One of the key aspects in the continuing development of these areas of complex geology is well planning, which often must be done in geologic settings where obtaining good seismic images can be a challenge. Since AVA is often used to assess the potential for well location, any irregularities in AVA response due to uneven acoustic illumination resulting from complex overburden introduces substantial risk in AVA analysis and could very well adversely effect well placement.
Subsurface imaging in regions of complex structure is problematic because the seismic wavefield may be distorted significantly as it passes through such complexity. Of particular interest for purpose of the instant disclosure is imaging in the presence of subsurface salt. Seismic surveys that include subsurface salt features (e.g., salt domes) can produce data that is marred by uneven illumination of the reflectors below the salt (or other structure). This in turn, can cause AVA-type analyses to be difficult to interpret and/or simply unreliable. In the case of a salt dome, the distortion in the wavefield is caused by the large velocity contrast between salt and the surrounding rock (i.e., salt typically has a seismic velocity that is much higher than that of the surrounding sedimentary rocks). This velocity contrast results in large amounts of ray bending and rays that are normal to the target reflector will tend to go critical at the sediment salt interface. Conventional seismic imaging methods do not properly compensate for this uneven illumination, which can distort the observed trace amplitudes and can render AVO/AVA analysis unreliable.
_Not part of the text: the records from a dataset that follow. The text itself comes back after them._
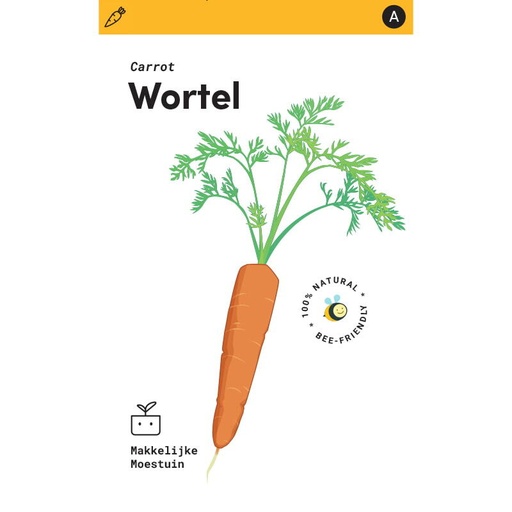 [MM0299] Makkelijke Moestuin Wortel Jerada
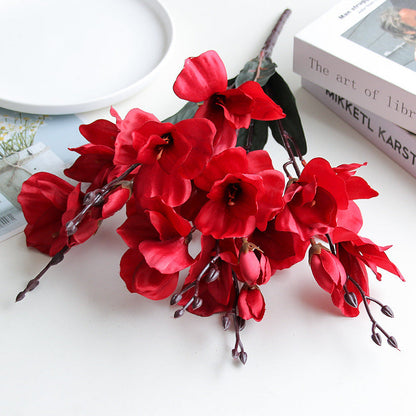 Artificial flower home decoration and wedding photography props in assorted colors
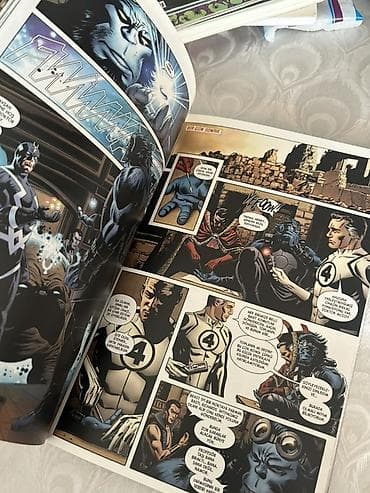 New Avengers – “Her Şey Ölür” (Marvel Now!) çizgi romanı Müəllif — 3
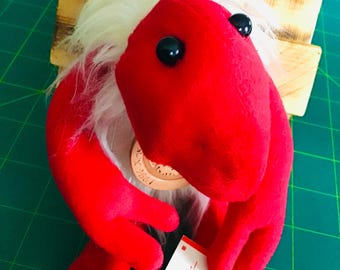 Charleen Kinser 1996 The Love Bug; With Commemorative Gift Giving Tag and Leather Medallion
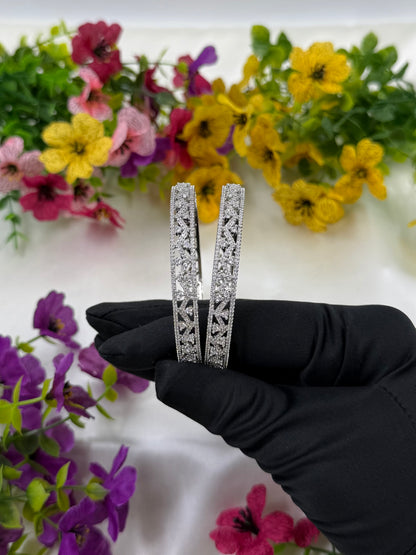 Victoria American Diamond Bangles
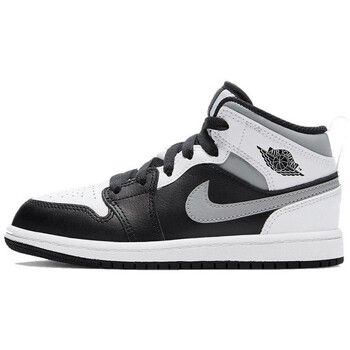 Nike Deportivas Moda 1 Mid White Shadow para mujer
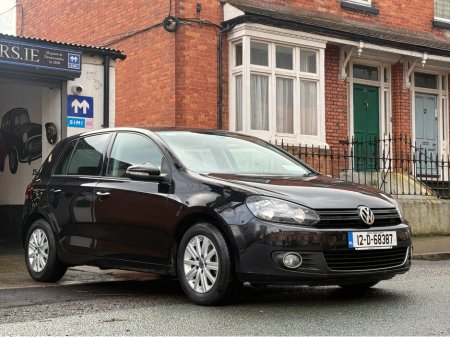 2012 Volkswagen Golf 1.2tsi Automatic, Only 66kms! New Nct 02/2026, Bluetooth, Apple Car Play, Android Auto, Reversing Camera 5 Door, Immaculate Condition, A/C, Alloys, Service & Warranty Included, SIMI Dealer, €9,950 thumbnail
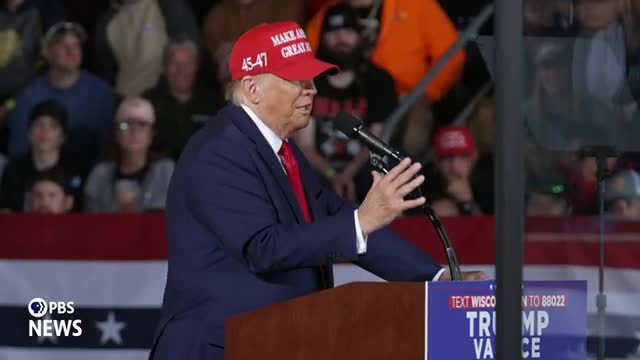 Trump vows to revive American manufacturing and cut taxes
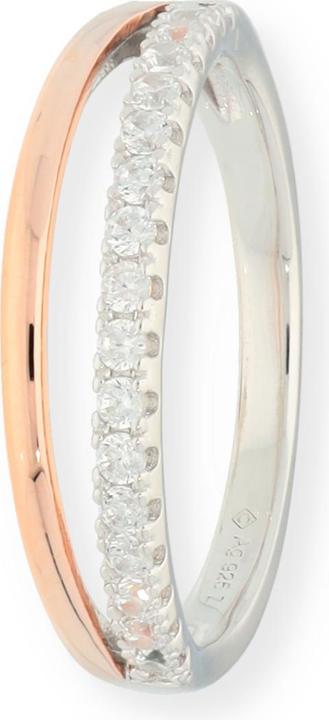Actual product image Carat Style (56, 925 Silver)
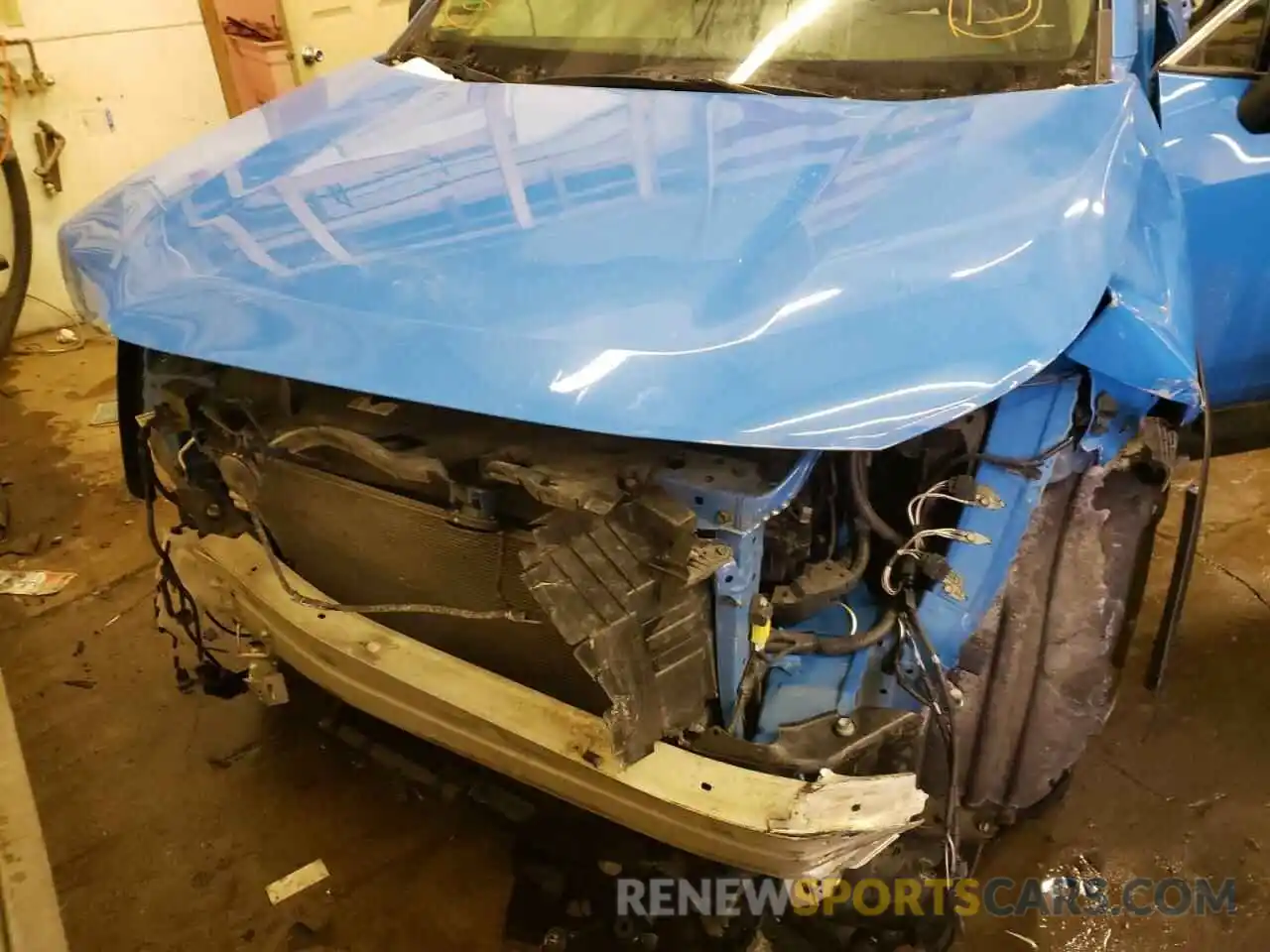 7 Photograph of a damaged car JTMF1RFV7KD011622 TOYOTA RAV4 2019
Thus, what is needed is a method of compensating seismic gathers for illumination irregularities caused by structure, the effects of the acquisition footprint, and wave propagation effects in complex structural areas while simultaneously preserving the AVA reflectivity signature.
Heretofore, as is well known in the seismic processing and seismic interpretation arts, there has been a need for a method of obtaining better estimates of the AVA effect in areas with a complex geological subsurface structure. Accordingly, it should now be recognized, as was recognized by the present inventor, that there exists, and has existed for some time, a very real need for a method of seismic data processing that would address and solve the above-described problems.
Before proceeding to a description of the present invention, however, it should be noted and remembered that the description of the invention which follows, together with the accompanying drawings, should not be construed as limiting the invention to the examples (or preferred embodiments) shown and described. This is so because those skilled in the art to which the invention pertains will be able to devise other forms of this invention within the ambit of the appended claims.